Paul Valéry, poet wrote some poetry and prose in his early twenties and then paused to take twenty years off to study his mental processes. After being encouraged by friends, he finally returned to poetry and in six years produced the three volumes that made his name.

Entrepreneur Ricardo Semler's anti-Taylorist methods at Semco may seem nutty (you can choose your own salary and manager, everyone can see the company financial accounts), but apparently they work. Semco's staff work in small, autonomous units of about a dozen (the size, says Semler, of a close family group). They make the decisions, choose their leaders, set objectives and decide who they need and what they should be paid: someone who wants too much pay for what they are doing might be frozen out by the group. "From a distance it can sound like a workers' paradise," says Semler, "but the system is pretty unforgiving, because if you put your salary too high, and people don't put you on the list as someone they need for the next six months, you're in more trouble than you would be at General Motors. There is little bureaucratic control beyond financial accountability; almost everything depends on peer pressure. . .

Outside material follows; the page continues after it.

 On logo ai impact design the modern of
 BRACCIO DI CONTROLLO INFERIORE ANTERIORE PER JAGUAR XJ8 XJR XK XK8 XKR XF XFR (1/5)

Author Phillip Roth stands while he's working, and "walks half a mile for every page". Like others, Roth has a strict regime: He works standing up, paces around while he's thinking and has said he walks half a mile for every page he writes. . .

Scott McNealy, entrepreneur: In 1997, McNealy banned the use of Powerpoint at Sun because it clogged disks, bandwidth and brains: "We had 12.9 gigabytes of Powerpoint slides in storage on our disk drives. Ha ha ha. It freaks me out just to think about. Do you how many person centuries that is? Of clip-art manipulations? I banned Powerpoint from our company - I just edicted it. . . If I just gave everybody overheads, you know, blank Mila overheads with all the free pens they wanted - I could drive productivity through the roof, as opposed to having - I mean you've all seen these overheads that have 14 pieces of clipart, 13 fonts, right hand justified, spell-check, 13 colors and you know your employee is exhausted by the time it finally comes off the printer. And do they communicate anything? No."

Jackson Pollock knocked a wall down in his studio in order to fit in the canvas that would become Mural (1943), for Peggy Guggenheim's apartment. But he didn't commence work on it until 15 hours before it was due to be delivered - "it was a stampede", he would later report. When it was delivered, Guggenheim found that it was eight inches too long to fit into the space. On Marcel Duchamp's advise it was chopped down to fit.